NIEHS / amadeus

https://niehs.github.io/amadeus/
Other
7 stars 2 forks source link

Temporal dimension in calc_<> functions #112

Open eva0marques opened 3 months ago

eva0marques commented 3 months ago

I am writing process and calc functions for other covariates that I need in my own project. I would like to open a discussion on the spatio x temporal case.

Let's say I want to create a model of AI to predict temperature at several locs x timestamps. I need to extract spatial covariates (easy) but also spatio x temporal ones.

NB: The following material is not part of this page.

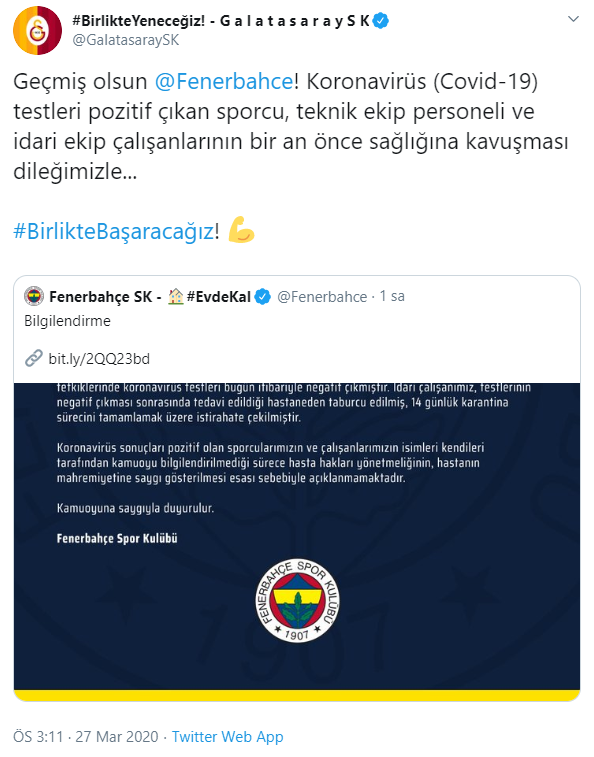 Galatasaray'dan Fenerbahçe'ye geçmiş olsun mesajı - Resim : 1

In my ideal world, to do so:

  1. I create a SpatVector or data.frame or sf/sftime with both geometry and time columns to give as locs param
  2. I use calc_ functions to add columns for each covariate (they can be spatial or spatiotemporal). The calc_ functions for spatio-temporal covariates handle the "time" dimension properly, depending on the user's criteria (for eg: if geophysical model outputs are available every 3 days, and my predictions are every day: calc_ downscales the temporal resolution. It can also do the opposite if I have hourly data).

It would look like this:

my_spacetime_sample |>
  calc_era5() |>
  calc_nlcd() |>
  calc_gmted() |>
  ...

For now, calc_ functions are not optimally designed for temporal dimension. It is implied that locs is a spatial dataframe without time column. When calculating spatio-temporal covariates, it extracts all the time series of from. But if locs already has a time column (for eg created after calculating another spatio-temporal covariate), it becomes a mess.

As a summary, I see the following limitations with our current version of calc_ :

It is not urgent of course, but I think it would be interesting to address this discussion in the future for a better use of amadeus.

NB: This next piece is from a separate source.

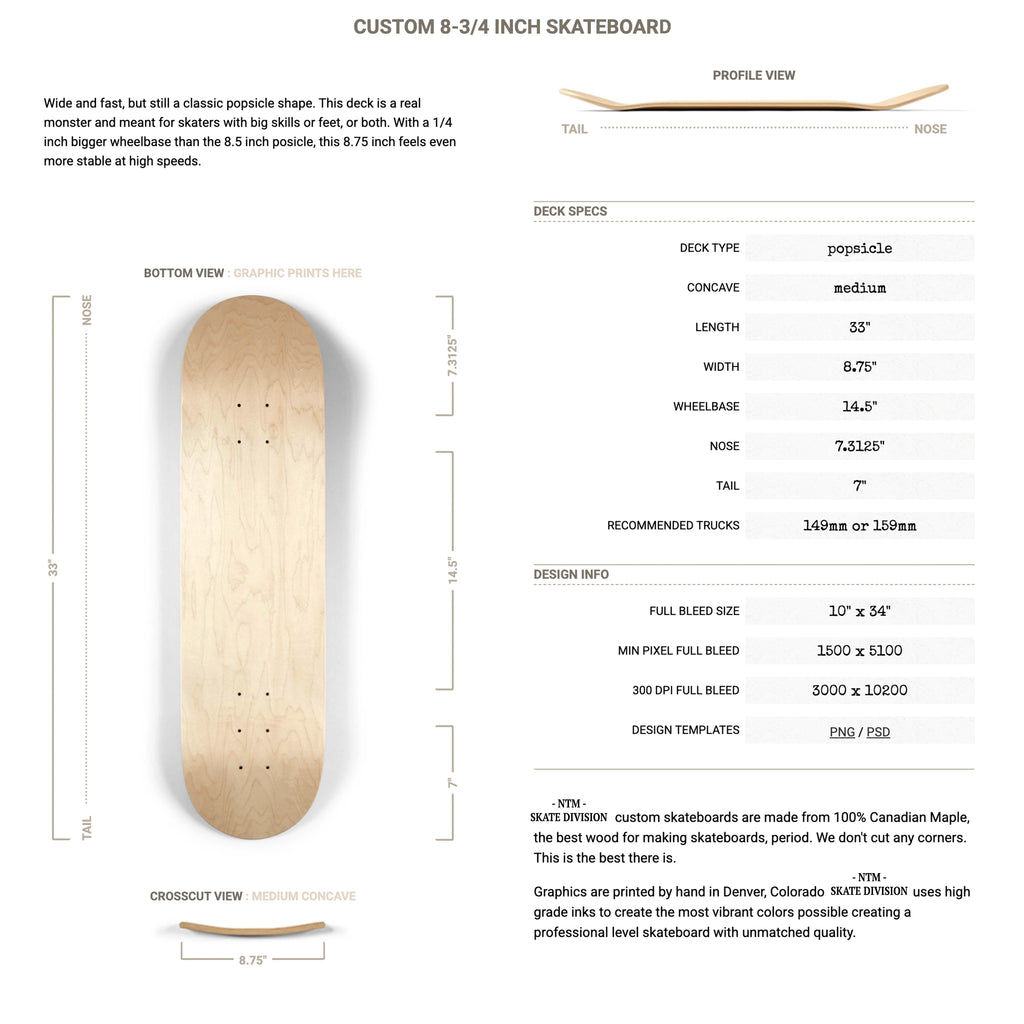 Skateboard deck with specifications and dimensions on a white background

eva0marques commented 3 months ago

My suggestions to improve this situation:

mitchellmanware commented 2 months ago
  1. Temporal summaries + download inputs
  2. Data frame "inflation" for static spatial variables
  3. Syncoronize calc_* functions where output from calc_1 is used as locs in calc_2
    calc_1() |>
    calc_2() |>
    calc_3()
eva0marques commented 2 months ago

In calc_ pipes it would be easier to distinguish spatiotemporal points from spatial points 🤔 (eventually include the inflate function from spatial pipe to spatiotemporal one):

If the goal is to create a datatable to feed AI models:

my_spatial_sample |>
  calc_nlcd() |>
  calc_gmted() |>
  ... |>
  inflate_to_spatiotemporal(timestamps) |>
  calc_era5() |>
  calc_modis()
  ...

If the goal is to store efficiently the calculated points:

my_spatial_sample |>
  calc_nlcd() |>
  calc_gmted() |>
  ... |>
  writeRDS()

my_spatiotemporal_sample |>
  calc_era5() |>
  calc_modis() |>
  ... |>
  writeRDS()
mitchellmanware commented 2 months ago

I think an option is updating the static calc functions to have an inflate parameter. If inflate = TRUE it automatically returns a spatio-temporal data frame (feed AI models example) where if inflate = FALSE it is a list with a vector of dates and single spatial data frame (efficiency example).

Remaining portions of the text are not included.